Mike Scott Rohan – Run for the Stars

This is his first book, and completely unlike the others – interestingly, it’s the only one where he published as Mike rather than Michael. It’s fairly standard early 1980s if-this-goes-on SF – the Cold War became hot, the Earth is run by a hereditary bureaucracy, and the Big Bad polity is “the African junta”. Pleasantly, though, the only dark-skinned characters we see are good guys.

What it most reminded me of, from the blurb, is McCaffrey’s Decision at Doona – brave throwbacks escape a crowded, repressed, enervated Earth for the stars. It’s not a fair comparison, though, and not only because it’s very much a 1980s vision of the future rather than a 1960s one – the focus of Run for the Stars is almost entirely on the preparations to leave, and on opposing the evil bureaucracy who don’t understand the Importance Of Space, and they don’t even get to the colony planet before the end of the book.

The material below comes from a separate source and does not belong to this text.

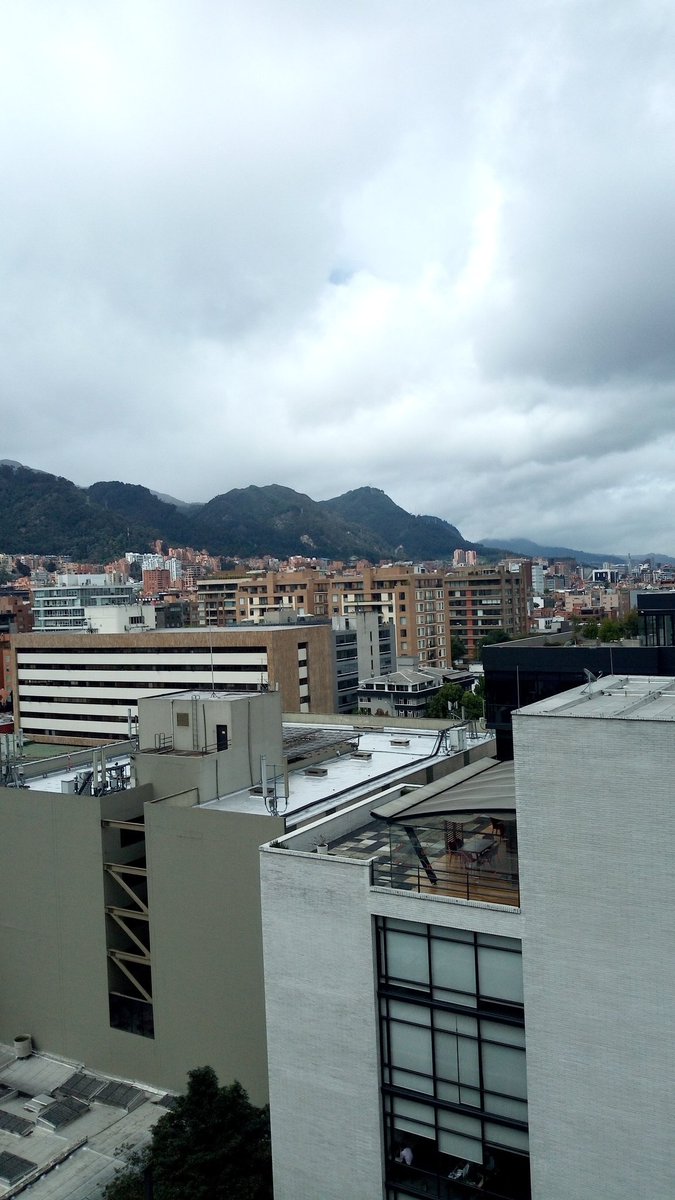 SebasMaYe's tweet image. Asíuqe  tambien se pueden subir fotos😅😅😅 que ignorancia la mia jajajaja Acá una fotico desde donde trabajo hoy😁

It’s also a first contact novel of sorts, though the only contact they have is a short exchange of maser-radio messages and a couple of missiles. It’s a downbeat sort of book, given that the take-home message seems to be that civilizations decay and change, and that alien governments can be paranoid and evil too. Pleasantly, though, we have sympathetically drawn pacifist characters (religious pacifist, at that) and the one space battle is to preserve rather than to destroy.

Overall verdict: slight, but interesting enough.